Bodes’s viewpoint is slanted – he believes that even ‘the Rococo picture frame was less developed in France and England than in Germany’, although he’s quite keen on Louis XVI and NeoClassical styles – but it is his knowledge of Renaissance frames, his wish to educate the art world in that knowledge, and his vision of a museum where paintings and sculpture are displayed in the context of other arts, and with authentic frames, which are so clear and appealing to us today [6].

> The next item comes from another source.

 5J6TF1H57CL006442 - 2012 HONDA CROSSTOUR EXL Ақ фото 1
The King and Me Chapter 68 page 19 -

From the late 1870s, the literature on frames began to increase – helped, for instance, by the articles which critics began to write on the frames of the Pre-Raphaelites and Impressionists. These were generally single, focused essays, sparked by the radical influence of scientific theory on art, the influence of Japanese motifs, the wave of individually-designed frames by the artists themselves, the appearance of plain white frames in an era of wall-to-wall gilded ornament, and the even greater shock of frames in colours complementary to the paintings.

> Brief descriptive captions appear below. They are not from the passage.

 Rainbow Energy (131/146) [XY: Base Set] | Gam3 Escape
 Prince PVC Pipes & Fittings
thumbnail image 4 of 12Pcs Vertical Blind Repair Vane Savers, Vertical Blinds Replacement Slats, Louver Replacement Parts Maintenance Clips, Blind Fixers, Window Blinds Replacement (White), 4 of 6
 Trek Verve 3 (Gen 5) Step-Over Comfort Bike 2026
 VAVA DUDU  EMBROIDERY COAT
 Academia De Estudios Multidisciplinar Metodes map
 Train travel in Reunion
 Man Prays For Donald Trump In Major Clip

Serge Roche, Cadres français et étrangers du XVe siècle au XVIIIe siècle, Paris, 1931
A view of Serge Roche’s frame exhibition, Exposition internationale du cadre du XVe au XXe siècle, at the Galerie Georges Petit, Paris, in 1931
However, the generalized study of the history of frames continued to evolve around and beyond these smaller, contemporary fashions. It took various forms, and as with the history of art, it continued to rely on the expertise of the collector and dealer. In the first half of the 20th century, one of most influential of these was the Parisian designer Serge Roche, son of an artist and antique dealer, whose major work is the great folio of black-&-white photos of antique frames which he assembled to accompany his 1931 exhibition of frames in Paris. This combined project was a flamboyant sweep across the panorama of historical European frames, from the 15th to the 20th century, each one identified by its nationality and date, with other facts such as material, location and dimensions where they were known and relevant. Particularly good specimens in museums and private collections filled out Roche’s own frames in the folio, allowing him a more complete historical overview.

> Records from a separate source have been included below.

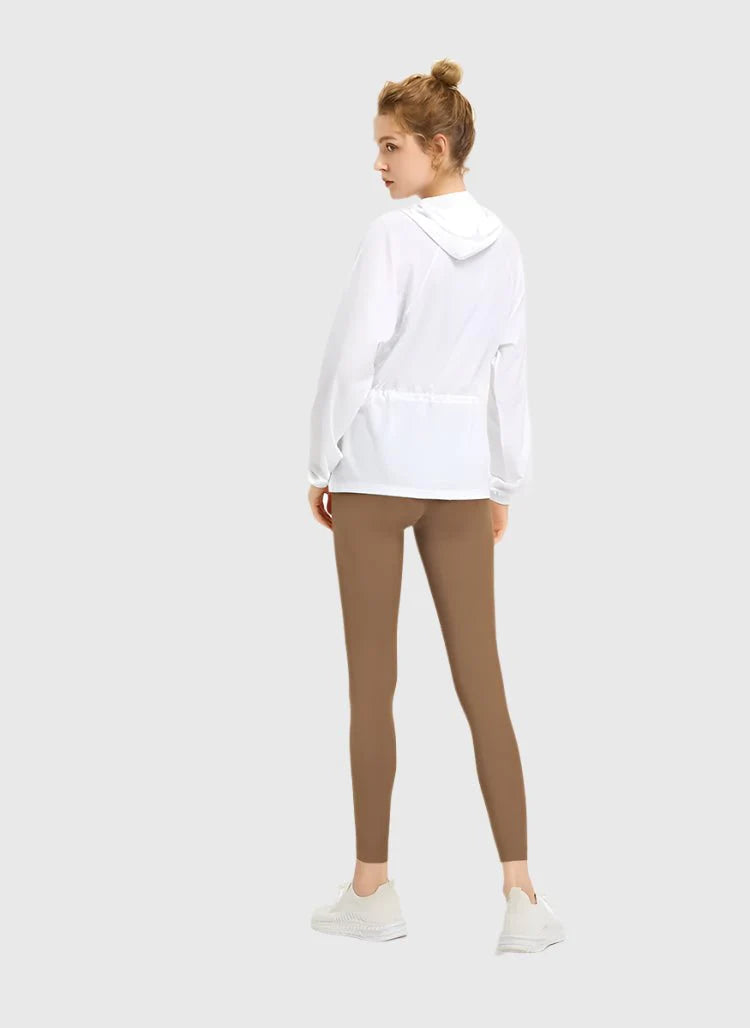 جاكيت واقي من الشمس بعامل حماية من الأشعة فوق البنفسجية 40+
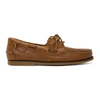 POLO RALPH LAUREN POLO RALPH LAUREN BROWN BOAT SHOE LOAFERS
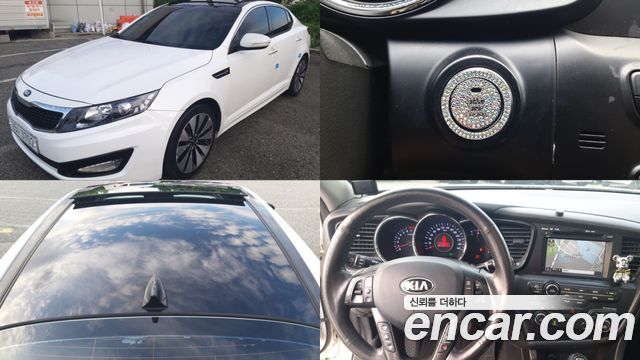 Kia K5 2013 — photo 1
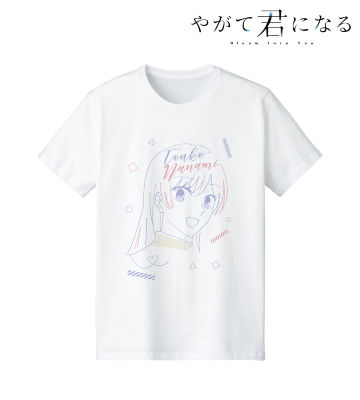 七海燈子 lette-graph Tシャツ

Serge Roche, Cadres français et étrangers…, Plate 13
Louis XIV carved giltwood trophy frame on an antique looking-glass plate, 117 x 122 cm., Christie’s, London, 6 December 2012, Lot 8
He introduced his audience to French frames from the early 16th to the 18th century, redressing Bode’s emphasis on Italy and dealing with English, Spanish, Northern and German frames, as well as Italian. Because he included so many fine examples from museums and private collections, the folio as whole is far more than an accompaniment to his exhibition, splendid and innovatory as it was: it is a paean to the status of the frame as a piece of virtuoso sculpture – sometimes one with a whole narrative laid out in its composition, or with a complex symbolic programme; sometimes one where the rhythm of the decoration aspires to the condition of music; always with the magical skills of the carver fully revealed.
Serge Roche, Cadres français et étrangers…, Plate 1
Altarpiece for the Confrérie du Puy du Notre-Dame d’Amiens, Pour nostre foy militante comtesse, 1525, Musée de Picardie
Altarpiece for the Confrérie du Puy Notre-Dame d’Amiens, Pré ministrant pasture salutaire, 1519, 173 x 97 cm., Musée de Picardie [7]
The inclusion of three out of five surviving early 16th century altarpiece frames from the cathedral of Amiens, ranging in height from 173 to 383 cm. (5 foot 8 to 12 foot 6), beautifully and sharply photographed in black-&-white, discloses the relationship of such altarpieces to architecture, marble funerary sculpture and metalwork shrines; and – because they are shown without their paintings – the viewer is forced to see them not as mere accessories, but as soaring Gothic chapels with columns of petrified trees and forests of finials, inhabited by figures, beasts and birds.
There are two more important general histories of frames and one more 20th exhibition which everyone interested in the subject should know about; although the last quarter of the century had already seen it reach a tipping-point at which it had begun to split into more specialized and focused studies.
Henry Heydenryk, The art & history of frames, 1963
The first of these histories is by Henry Heydenryk, a member of a firm of framemakers which was founded in Amsterdam in 1845, added branches in Belgium and London, and finally in 1936 opened a branch in New York. Heydenryk’s book, The art and history of frames, published in 1963, begins in the 13th century, continues to the later 19th century in Europe, and includes two Spanish frames in its collection of 100 images. For the first time, it also includes a section on American frames from the 18th century, taking the history up to the mid-20th century.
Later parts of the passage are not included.